Dennis dkorpel at gmail.com
Sat Dec 14 20:53:49 UTC 2019


On Saturday, 14 December 2019 at 19:16:08 UTC, Joseph Rushton 
Wakeling wrote:
> Indeed.  Has anything I said suggested otherwise?

My bad, I thought you were implying that it shouldn't be @safe 
because it isn't useful.

> That's relevant to this discussion, because when asking "Should 
> the cast to `void*` be @safe?" we are really asking, "Is it 
> possible for the compiler to decide this without needing the 
> developer to verify?"

The compiler should only be concerned with verifying what it 
knows. E.g. if a `bool*` reaches `@safe` code, it must be null or 
point to a mutable 0 or 1 value. I don't think adding any 
additional rules is helpful.
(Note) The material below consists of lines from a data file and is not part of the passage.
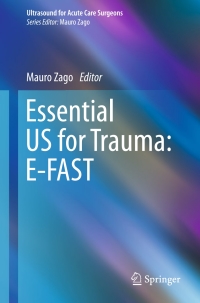 Cover image: Essential US for Trauma: E-FAST 9788847052734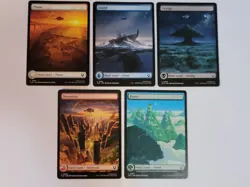5x Basic Land Set -Full Art- AVATAR: THE LAST AIRBENDER L TLA mtg NM/M - Image 1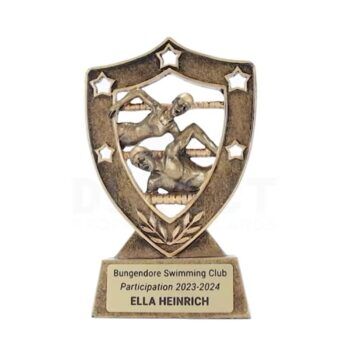 Swimming Gold Shield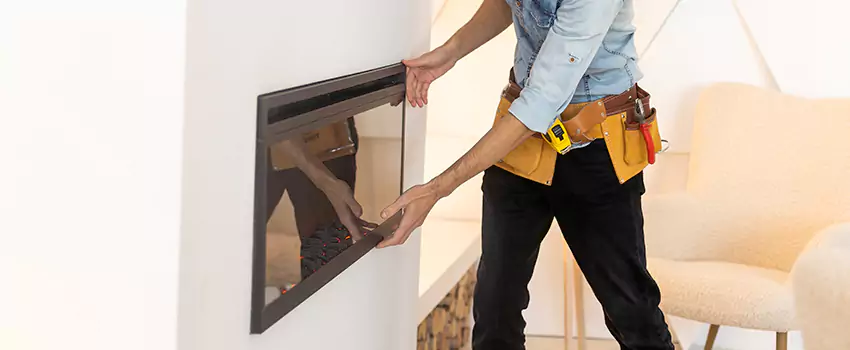 Metal Fireplace Installation in Navarre, Florida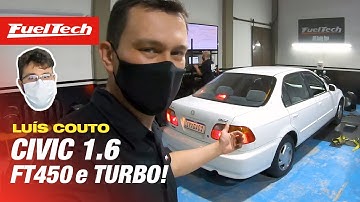 😈 CIVIC SLEEPER TURBO COM FUELTECH!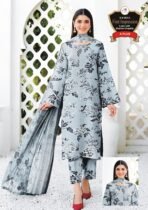Women's Premium 3 Piece Printed Lawn Suit with Chiffon Dupatta | Unstitched Summer Collection
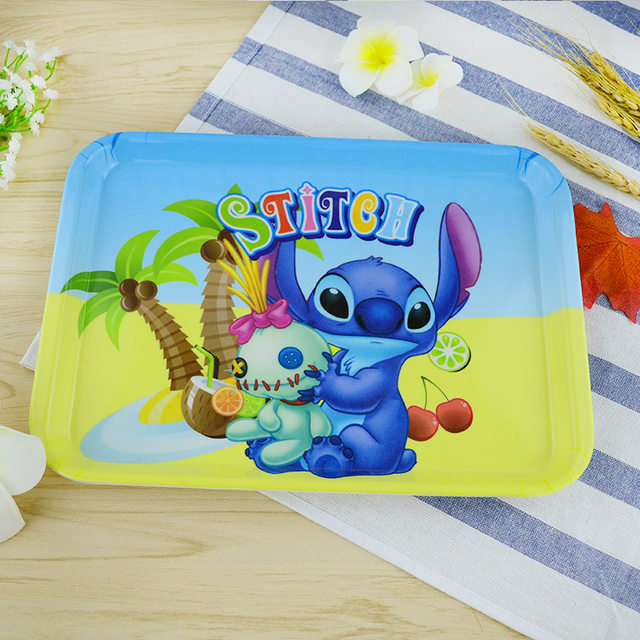 Disney Stitch lunch box + cutlery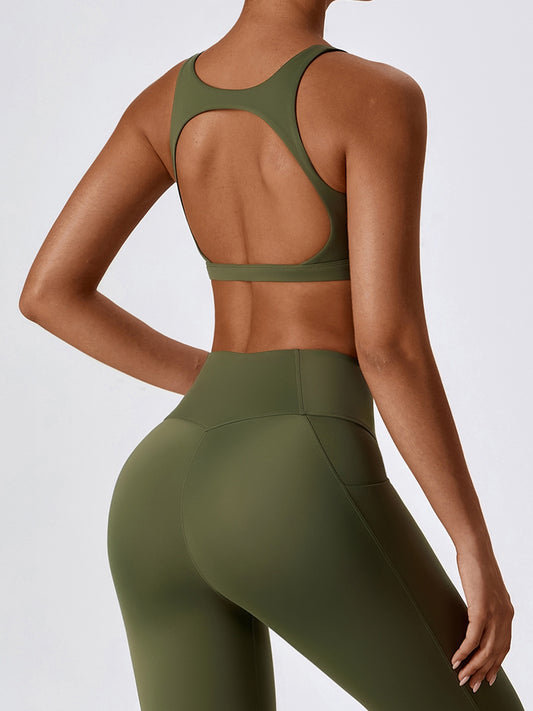 Backless Sports Bra – Bad Peach Fitness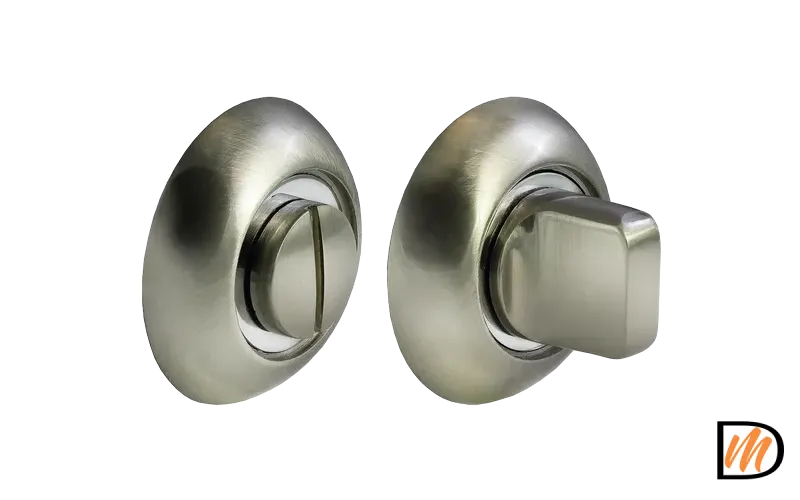 Завертка сантехническая MH-WC SN/CP на круглой розетке цвет бел. никель/хром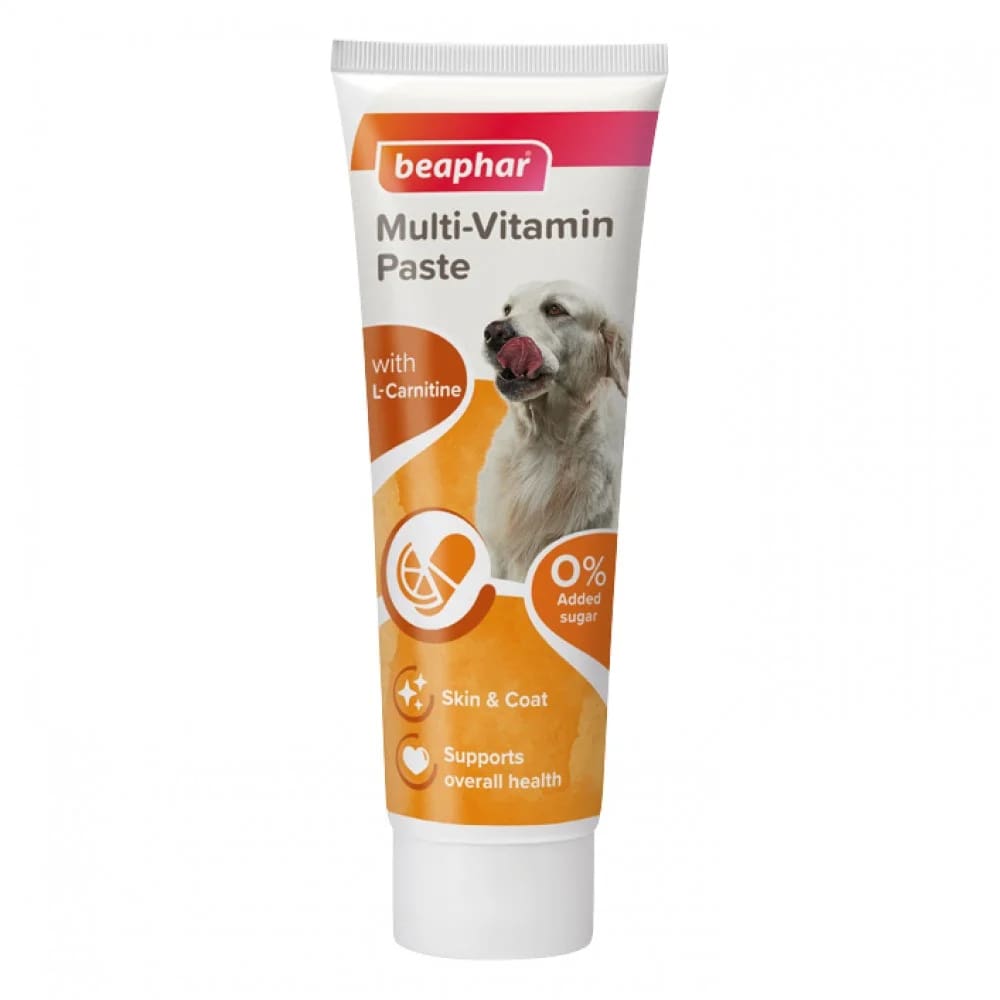 Beaphar Multi vitamin paste duo active - мултивитаминна паста 100 гр.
You might also say "casting ubyte[] 
to char[] should be unsafe because the compiler doesn't know 
whether the developer's string functions exhibit undefined 
behavior on invalid unicode", but if the developer relies on 
correct unicode like that, his functions are incorrectly marked 
@trusted. If you want that guarantee, you should not use char[] 
but make your own struct type that ensures that.
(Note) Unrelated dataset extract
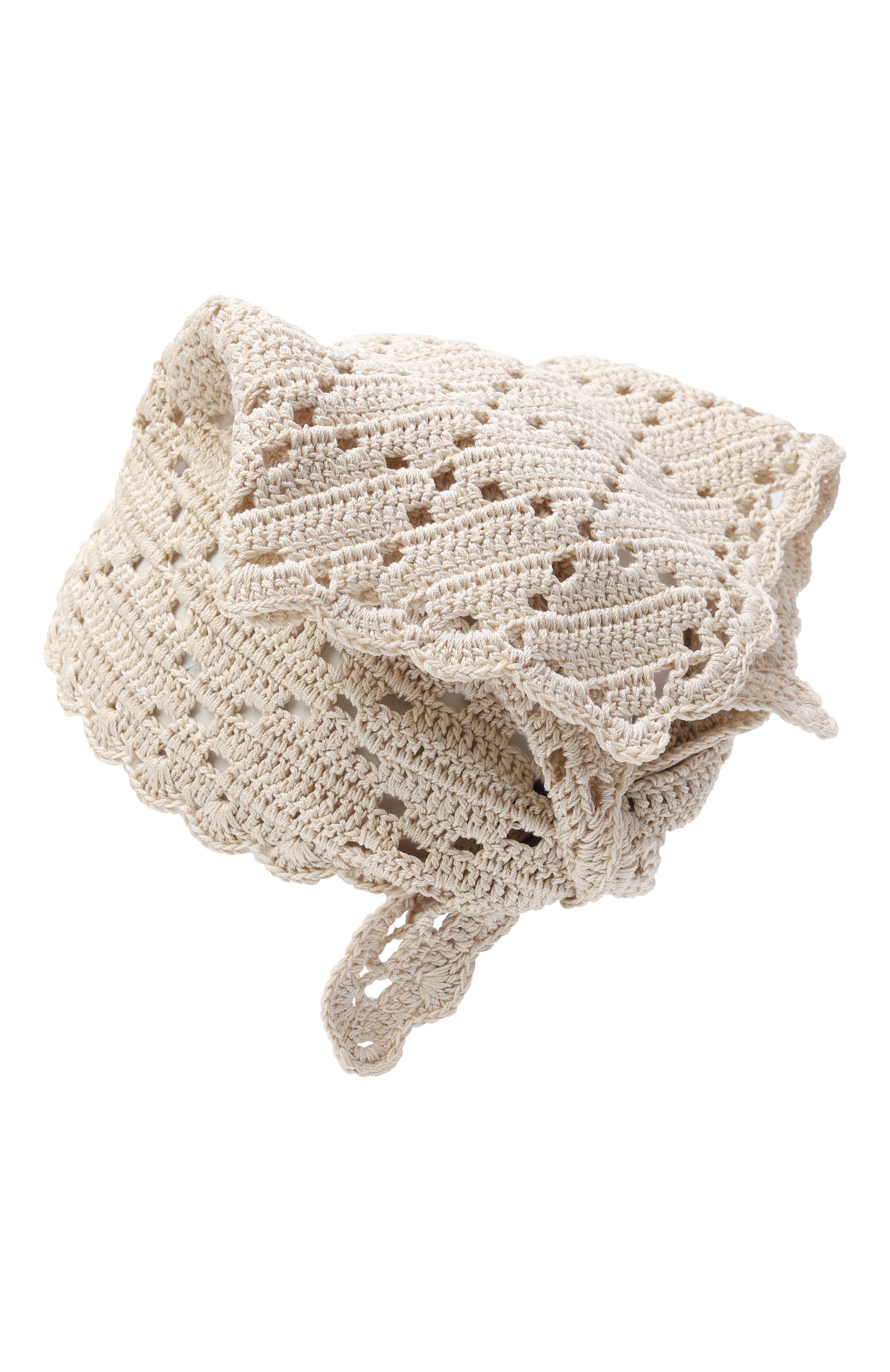 Хлопковая косынка AGNONA кремового цвета по цене 62950 руб., арт. KA11020E/7C080PE, фото 2 Хлопковая косынка AGNONA, арт. KA11020E/7C080PE, фото 2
A void* is an opaque pointer type. If I start writing a function 
like:
```
void setZero(void* ptr) @trusted {

}
```
I simply can't assume anything about ptr other than that it is a 
valid `void*`.

It does raise the question what can be assumed about a `void*`.
You could say that a void* must point to at least 1 byte of 
mutable memory, such that this function is correctly @trusted:

```
void setZero(void* ptr) @trusted {
     if (ptr) {
         *(cast(ubyte) ptr) = 0;
     }
}
```

However, I'd argue a void* is even more opaque than that, since 
it's not uncommon to use them as generic 'handles' in C 
libraries, such as HMODULE in the Windows API:
https://docs.microsoft.com/en-us/windows/win32/api/libloaderapi/nf-libloaderapi-getprocaddress

> we are creating opportunities for unsafe memory access that 
> didn't exist previously.

I doubt that. If you have a code example, I'm very interested. I 
bet that any @trusted code that can be broken by allowing 
cast(void*) in @safe code can also be broken without that.

> No, that won't do.  What if you cast from a `ulong` to a 
> `void*`?

That is `@safe`, unless there is a way to corrupt memory in 
`@safe` code by doing that.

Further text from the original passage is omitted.